Rare Recruitment are leaders in diverse graduate recruitment. Their Contextual Recruitment System (CRS) allows for insightful, anonymous analysis of hundreds of thousands of candidate applications to leading graduate schemes.

For their latest report, I was commissioned to produce a series of striking visualisations to support their research into candidate disadvantage, diversity and performance.

One of the key stories we wanted to tell was how applications to top graduate schemes from state school students were dominated by students that had attended a small percentage of state schools. These ‘elite’ schools were generally the highest-performing, with the top 10% of schools supplying over half of these applicants. At the same time, a third of all state schools – including high-performing schools – produced no applicants at all.

I worked closely with data analysts at Rare to come up with an effective way of displaying these findings.

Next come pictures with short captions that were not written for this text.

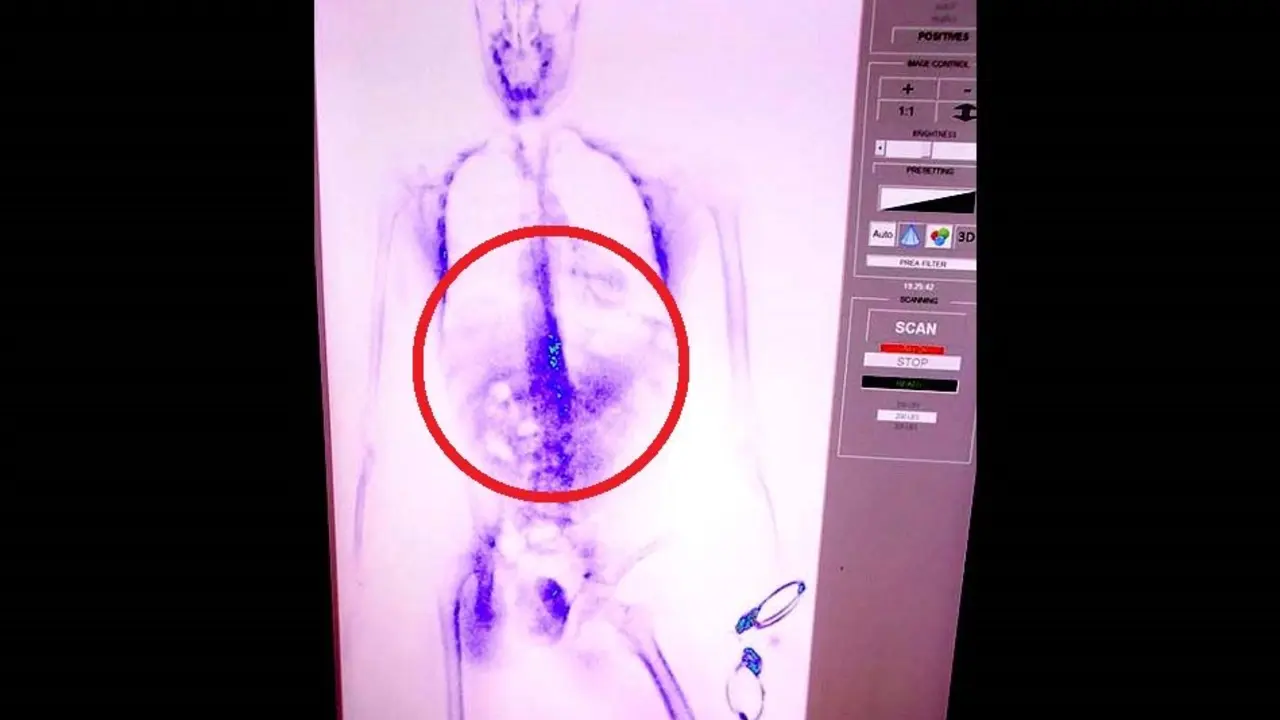 Rayos X detectan mensajes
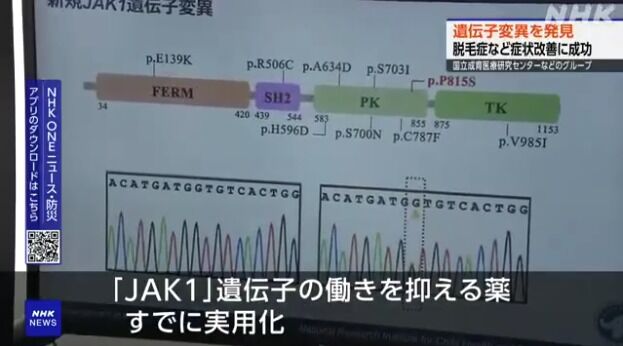 アトピー・脱毛症に光明か 新しい遺伝子変異を発見、治療薬の効果も確認
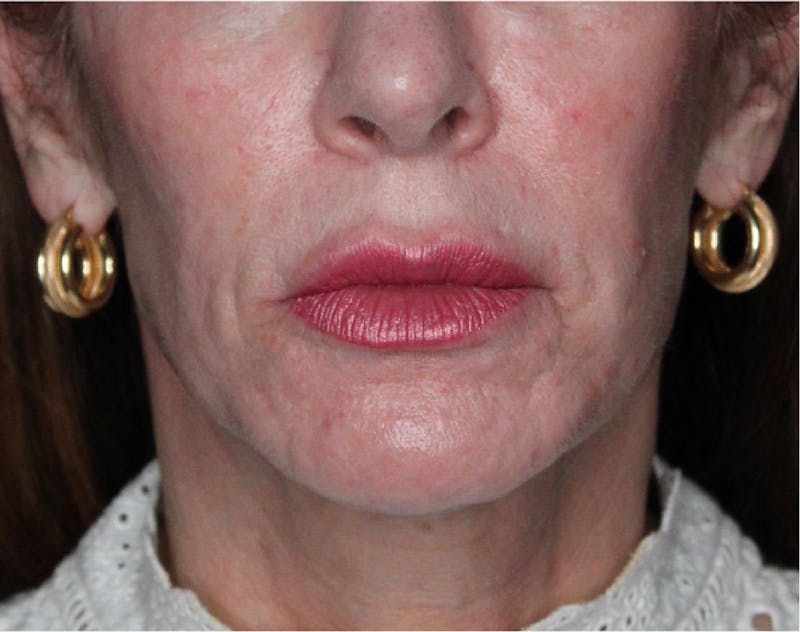 Sculptra Before & After Gallery - Patient 89337379 - Image 3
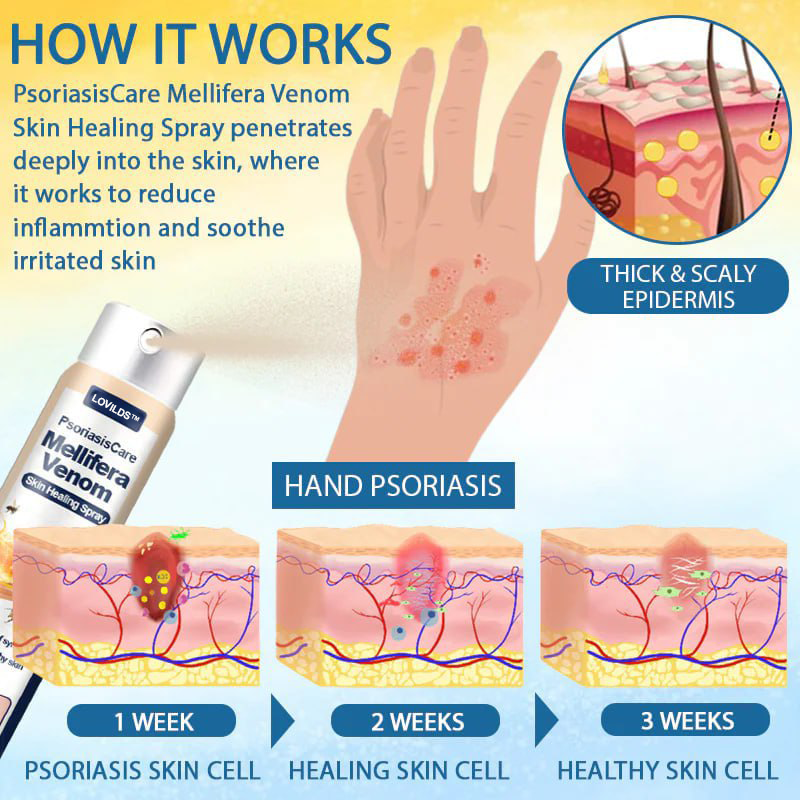 LOVILDS® Psoriasis Care Mellifera Venom Skin Healing Spray🔥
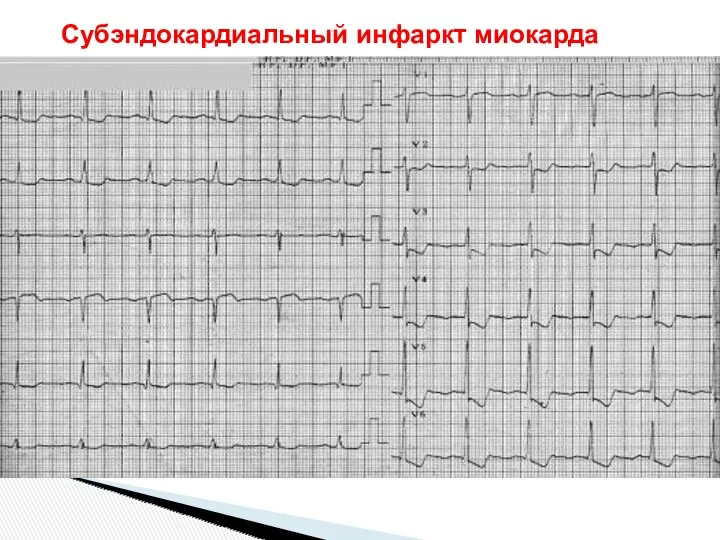 Субэндокардиальный инфаркт миокарда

I used tools such as RAW and Excel to perform initial exploratory visualisations, using charts such as histograms, parallel sets and beeswarm plots. We eventually settled on a two-pronged approach. The schools that produced applicants were plotted as a scatter plot of performance against number of applicants, while the schools that produced no applicants were expanded downwards in a dot plot. This approach made clear the contrast between the elite schools and those that produced few or no applicants, while also allowing individual schools to be highlighted within the data.

A second key finding was that candidates from disadvantaged backgrounds – although they performed worse on average at A-Level – tended to perform noticeably better than their non-disadvantaged peers at university.